ECG-SENNsation: Trustworthy 12-Lead ECG Classification by Self-Explaining Neural Networks for Clinical Decision Support and Knowledge Discovery

Background: Deep learning models show promise for detecting cardiovascular diseases in electrocardiograms (ECGs), but their black-box nature hinders clinical adoption. Current explainable AI (xAI) only provides approximate explanations for the models' decision-making. However, reliable explanatory heatmaps are essential for meaningful, AI-assisted ECG analysis, optimizing resources in clinical routines and opening opportunities for knowledge discovery. Methods: We developed a self-explaining neural network (SENN) to generate reliable heatmaps per class for 12-lead ECG classifications and utilized the PTB-XL dataset to detect five super diagnostic classes. Our SENN-based heatmaps were compared with 12 other xAI techniques for stability. The model focus was evaluated through the analysis of heatmaps across ECG segments. False classifications are reviewed by an experienced cardiologist and features revealed by the heatmaps are compared to clinical knowledge.
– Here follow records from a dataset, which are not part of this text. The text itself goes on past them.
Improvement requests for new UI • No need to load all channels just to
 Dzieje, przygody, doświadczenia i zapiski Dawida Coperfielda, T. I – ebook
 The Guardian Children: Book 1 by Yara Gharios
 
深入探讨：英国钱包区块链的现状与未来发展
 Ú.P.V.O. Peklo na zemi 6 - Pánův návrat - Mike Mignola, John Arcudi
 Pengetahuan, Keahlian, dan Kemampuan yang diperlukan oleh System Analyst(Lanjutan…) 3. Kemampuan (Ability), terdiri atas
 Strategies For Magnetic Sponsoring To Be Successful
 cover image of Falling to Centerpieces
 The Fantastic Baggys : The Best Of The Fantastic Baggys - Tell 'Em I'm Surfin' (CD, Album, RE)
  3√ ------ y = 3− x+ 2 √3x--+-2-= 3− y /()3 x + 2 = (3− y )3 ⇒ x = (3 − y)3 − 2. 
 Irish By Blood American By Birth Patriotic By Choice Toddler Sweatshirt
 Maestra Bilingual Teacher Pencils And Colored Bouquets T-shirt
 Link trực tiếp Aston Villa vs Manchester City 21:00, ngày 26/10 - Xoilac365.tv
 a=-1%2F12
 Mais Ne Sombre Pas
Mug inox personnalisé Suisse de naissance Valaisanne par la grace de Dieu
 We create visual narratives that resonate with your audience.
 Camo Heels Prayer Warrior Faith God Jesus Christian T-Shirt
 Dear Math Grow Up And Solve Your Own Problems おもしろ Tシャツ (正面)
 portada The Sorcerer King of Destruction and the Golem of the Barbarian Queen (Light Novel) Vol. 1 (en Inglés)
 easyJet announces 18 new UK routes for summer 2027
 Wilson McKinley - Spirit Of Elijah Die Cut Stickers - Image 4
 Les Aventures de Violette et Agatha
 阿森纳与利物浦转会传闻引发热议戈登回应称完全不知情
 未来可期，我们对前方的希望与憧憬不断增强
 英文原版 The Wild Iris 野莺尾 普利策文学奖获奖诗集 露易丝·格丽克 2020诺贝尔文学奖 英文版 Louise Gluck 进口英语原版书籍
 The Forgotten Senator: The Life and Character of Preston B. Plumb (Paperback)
We further identified differences in the model focus of patient heatmaps and tested for morphological group differences. Results: ECG-SENNsation achieved a ROC-AUC score of 93.1 % and provided class specific (p<0.0001) and the most stable (p<0.0001) explanations. Clustering by model focus in myocardial infarction (MI) heatmaps identified patient groups with distinct morphological characteristics. In the commonly neglected aVR lead, ECG-SENNsation identified a distinct morphological interrelationship between T wave and QRS complex. Derived from this, a novel marker has been developed to discriminate between specific MI subgroups with a large effect size (p<0.0001, r _rb =0.78). Conclusions: ECG-SENNsation provides high classification performance and robust explanations for trustworthy clinical decision support. It generates reliable heatmaps for knowledge discovery, revealing differences in morphology, currently not used in standard ECG diagnostics. Our methodology shows great potential for disease marker identification in the ECG and biosignals in general.